Ashraf leaves behind a young daughter and an unborn baby. “It is difficult for us to close shop,” he said. “The fruit business feeds an extended family of five small families. It is our livelihood. How can we feed these mouths otherwise?”
Akram’s maternal uncle, Adel Hanna, insisted that the death should be investigated and the killer caught. “We demand justice,” he said.
The MB, according to Hanna, use Mattariya and Ain Shams to hide from the police, exploiting the fact that the intricate web of narrow allies there make it very difficult for police vehicles to navigate. “They turn our lives into living hell every Friday with their demonstrations and violence. But this time it was different. There were larger numbers of them and they assaulted the police fiercely. Many unarmed civilians were caught in the crossfire.
“The police must put an end to this terror,” he said. “The State has to protect us against them. How long will we live under this terror?”
That was exactly the same demand voiced by the wailing, heartbroken mother of the 11-year-old Mina Maher. A widow since her son was very little, she has a 15-year-old daughter who was equally grieved at the loss of her sibling. “How can it be that a boy goes out to buy food and is brought back a dead body?” the mother wept. “How can this be? What did he do to deserve this?”

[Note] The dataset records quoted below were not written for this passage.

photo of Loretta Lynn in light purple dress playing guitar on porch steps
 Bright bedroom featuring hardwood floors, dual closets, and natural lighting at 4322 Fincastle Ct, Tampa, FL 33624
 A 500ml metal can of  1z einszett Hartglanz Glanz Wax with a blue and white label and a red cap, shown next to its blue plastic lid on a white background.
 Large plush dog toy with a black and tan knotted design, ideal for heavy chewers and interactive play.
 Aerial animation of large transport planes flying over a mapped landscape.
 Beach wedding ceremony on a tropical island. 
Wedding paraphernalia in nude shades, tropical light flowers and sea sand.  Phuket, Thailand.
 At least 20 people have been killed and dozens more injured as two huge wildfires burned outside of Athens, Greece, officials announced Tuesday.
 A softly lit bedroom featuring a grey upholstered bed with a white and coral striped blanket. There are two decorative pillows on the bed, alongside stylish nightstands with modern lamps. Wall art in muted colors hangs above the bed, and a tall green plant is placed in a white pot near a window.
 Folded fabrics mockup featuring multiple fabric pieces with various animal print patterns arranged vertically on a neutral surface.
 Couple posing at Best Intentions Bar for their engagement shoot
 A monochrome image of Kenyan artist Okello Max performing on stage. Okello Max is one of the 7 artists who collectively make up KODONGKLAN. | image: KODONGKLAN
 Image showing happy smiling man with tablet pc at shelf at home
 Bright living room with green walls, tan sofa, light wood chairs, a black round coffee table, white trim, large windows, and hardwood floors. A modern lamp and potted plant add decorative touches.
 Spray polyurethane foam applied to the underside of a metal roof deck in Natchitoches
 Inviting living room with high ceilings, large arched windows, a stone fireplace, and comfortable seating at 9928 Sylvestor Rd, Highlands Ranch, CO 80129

Mina’s uncle Ra’fat Qaldass told Watani that Mina had gone down with his friend Muhammad to buy a few things. “Amid the clashes that took place,” Qaldass said, “the MB stationed themselves on rooftops and started shooting randomly at the policemen below. A stray bullet hit Muhammad in the arm. Mina turned to help him when he too was hit by a bullet that pierced his throat. He died right away.”
Mina was an altar boy at the local church, Qaldass said. That Sunday morning, the uncle said, he had gone to church to attend Holy Mass and have Communion. It’s as though he was getting ready to leave this world and go to Heaven.”